Fides installation and deployment
Summary
Designed to instruct users on production-level deployments of the open-source Fides platform, this guide assumed a level of technical understanding on the part of the reader, and was written as a series of how-to articles geared towards engineering personas.
Creating this guide not only involved meeting with stakeholders to ensure accuracy, but running the end-to-end installation independently as additional quality assurance.
Overview
A production-ready instance of Fides can be deployed leveraging the cloud infrastructure your organization is most familiar with.
Fully deployed, Fides consists of the following individual systems:
- Hosted Database: A PostgreSQL database used for permanent storage of configuration data.
- Hosted Cache: A Redis database used as a temporary cache for task scheduling and execution.
- Fides Webserver: The main application, including the Admin UI and all API endpoints.
Requirements
The following minimum versions are required:
-
PostgreSQL: 12+
-
Redis: 6.2.0+
-
Python: 3.8+
-
Docker: 20.10.11+
Set up the hosted database
Fides uses an application database for persistent storage. Any hosted PostgreSQL database that meets the current project requirements is acceptable, as long as it's accessible.
Options include:
- A managed PostgreSQL database services (e.g., AWS RDS, GCP Cloud SQL, Azure Database)
- A self-hosted PostgreSQL Docker container with a persistent volume mount (e.g., a Kubernetes cluster)
- A self-hosted PostgreSQL server (e.g., an EC2 server)
Tip
As long as your database is accessible by your Fides webserver, there is no need to expose it to the public internet.
Configure your database
Follow the documentation for the option of your choice to configure a production-grade PostgreSQL database. Once your database is created, take the following steps:
- Create a unique user for Fides to use to access the database.

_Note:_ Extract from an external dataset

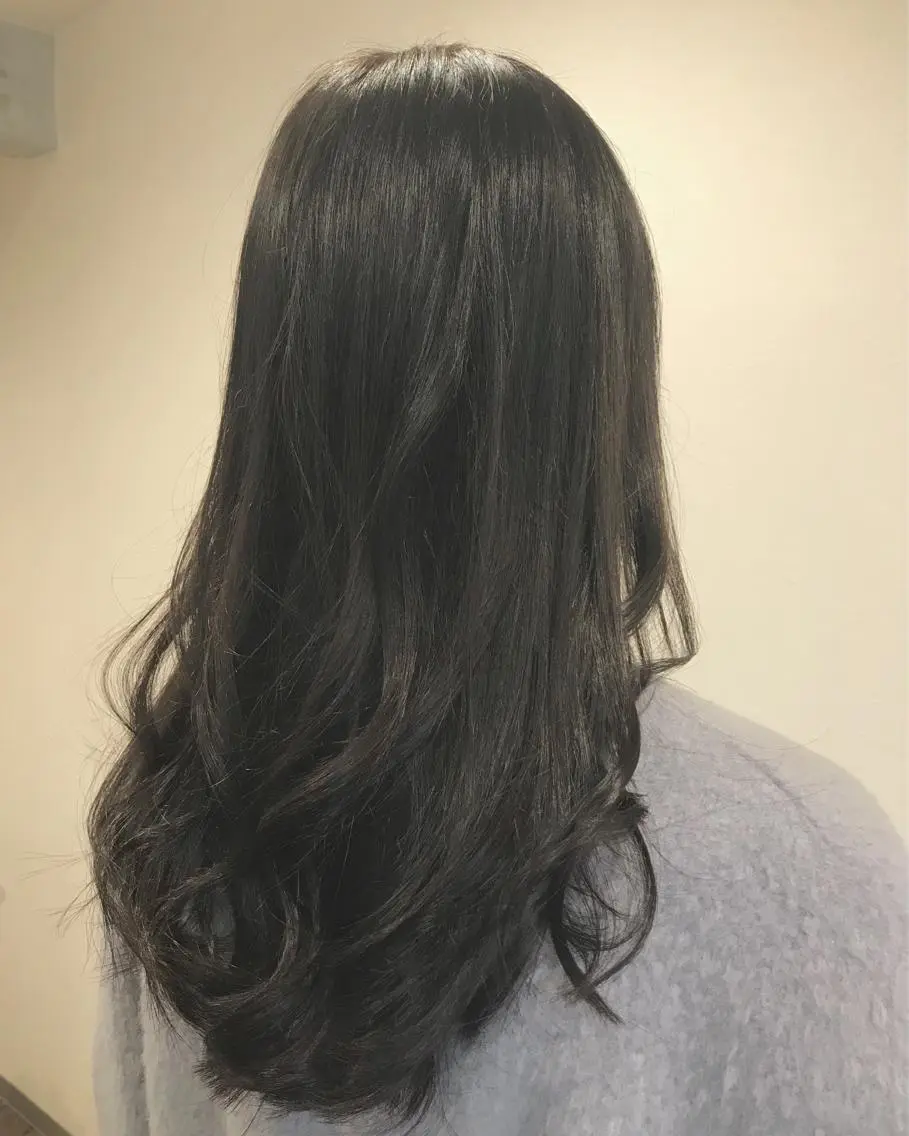 セミロング カラー アディクシーカラー エイト ウメダのヘアスタイル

- Assign your Fides user a secure password.
- Create a database for application storage.
- Keep track of your connection credentials for use in the next step.
Update your Fides configuration
In the [postgres] section of your fides.toml configuration file, update the following values with those configured for your database:
| Variable | Example | Description |
|---|---|---|
user |
postgres |
The database user Fides will use to log in to the application database. |
password |
fides |
The password for the Fides user. |
server |
fides-db |
The hostname of the Postgres database server. |
port |
5432 |
The port at which the Postgres database will be accessible. |
db |
fides |
The name of the Postgres database. |
Set up the hosted cache
When privacy requests are running, Fides collects result data in a temporary Redis cache. This cache automatically expires to ensure personal data is never retained erroneously.
Any hosted Redis database that meets the current project requirements is acceptable, including:
- A Docker Redis container
- A managed service (e.g., AWS ElastiCache, GCP Memorystore, Azure Cache, Redis Cloud)
Tip
As long as your cache is accessible by your Fides webserver, there is no need to expose it to the public internet.
Configure your cache
Follow the documentation for the option of your choice to configure a production-grade Redis cache. Once your cache is created, take the following steps::
- Enable a password (via Redis
AUTH) to provide additional security. - Keep track of your connection credentials for use in the next step.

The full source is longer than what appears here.